BEGIN

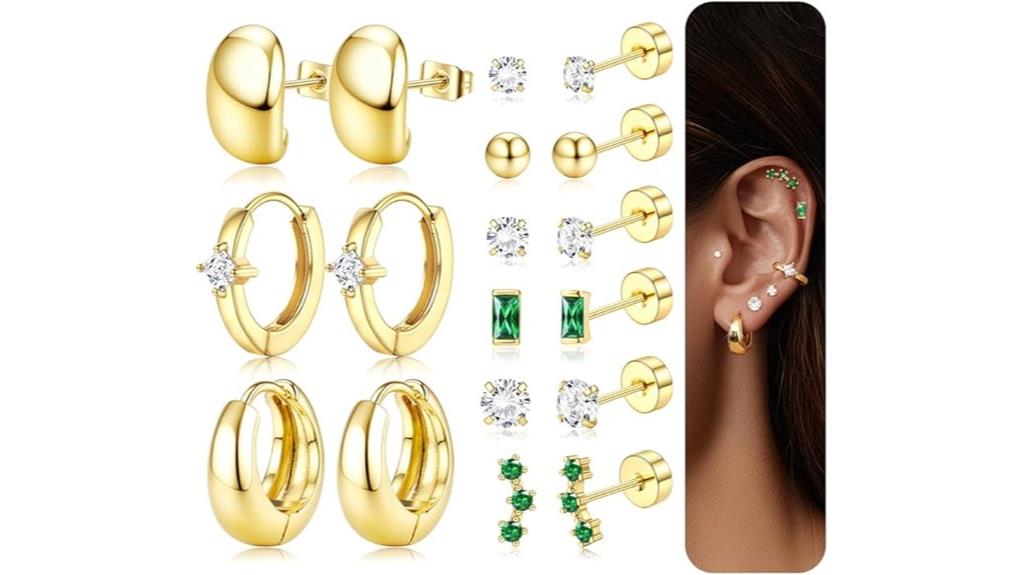 hypoallergenic gold flat earrings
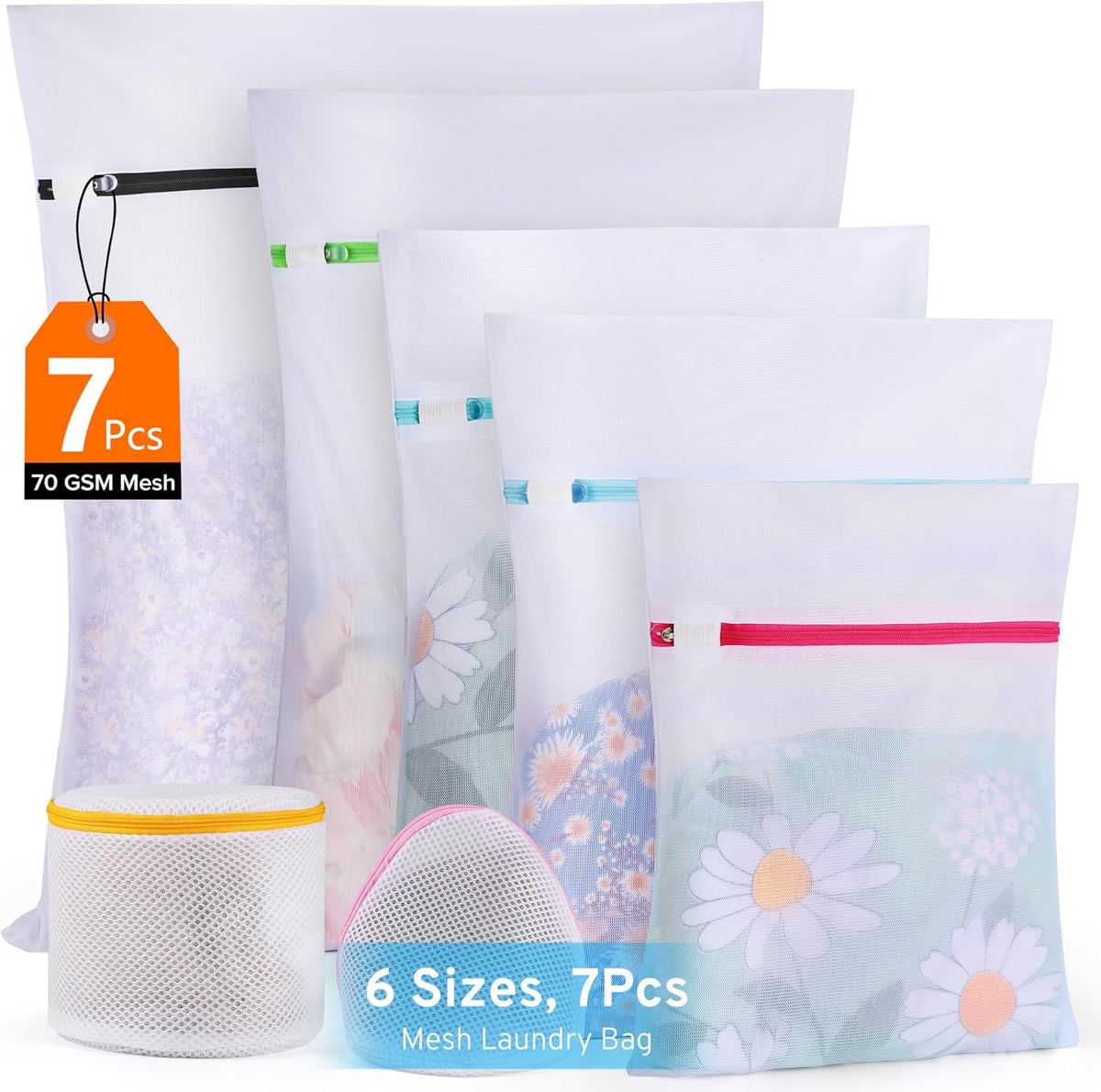 Ultimate 7 Pack 6 Size Mesh Laundry Bags Set for Delicates with AUTO-Lock Zipper, Lingerie Bags for Washing Delicates, Laundry Bags Mesh Wash Bags, Delicates Laundry Bag for Jeans,Blouse,Stocking,Bra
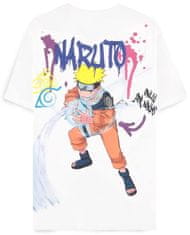 CurePink Pánské tričko Naruto: Power Ball (XL) bílá bavlna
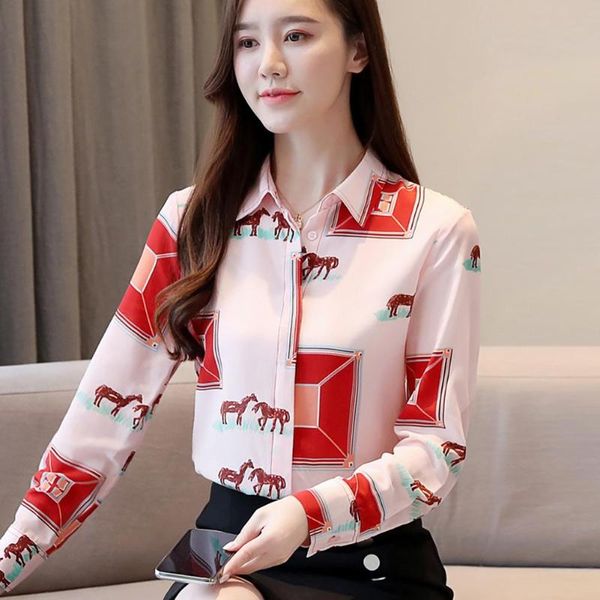 women's blouses & shirts fashion horse print long sleeves turn down collar women chiffon blouse shirt, White
women's blouses & shirts fashion horse print long sleeves turn down collar women chiffon blouse shirt, White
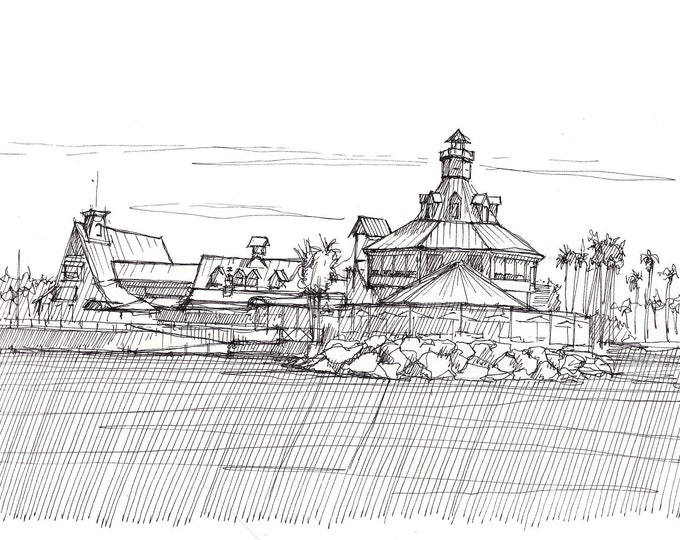 PORT of LONG BEACH - Parkers Lighthouse, Los Angeles, California, Harbor, Pen and Ink Drawing, Architecture, Urbansketchers, Drawn There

END

**Aim of the exercise:**
Type the material out again exactly. Skip the pictures.

**Solution for this task:**
 hypoallergenic gold flat earrings
 Ultimate 7 Pack 6 Size Mesh Laundry Bags Set for Delicates with AUTO-Lock Zipper, Lingerie Bags for Washing Delicates, Laundry Bags Mesh Wash Bags, Delicates Laundry Bag for Jeans,Blouse,Stocking,Bra
 CurePink Pánské tričko Naruto: Power Ball (XL) bílá bavlna
 women's blouses & shirts fashion horse print long sleeves turn down collar women chiffon blouse shirt, White
women's blouses & shirts fashion horse print long sleeves turn down collar women chiffon blouse shirt, White
 PORT of LONG BEACH - Parkers Lighthouse, Los Angeles, California, Harbor, Pen and Ink Drawing, Architecture, Urbansketchers, Drawn There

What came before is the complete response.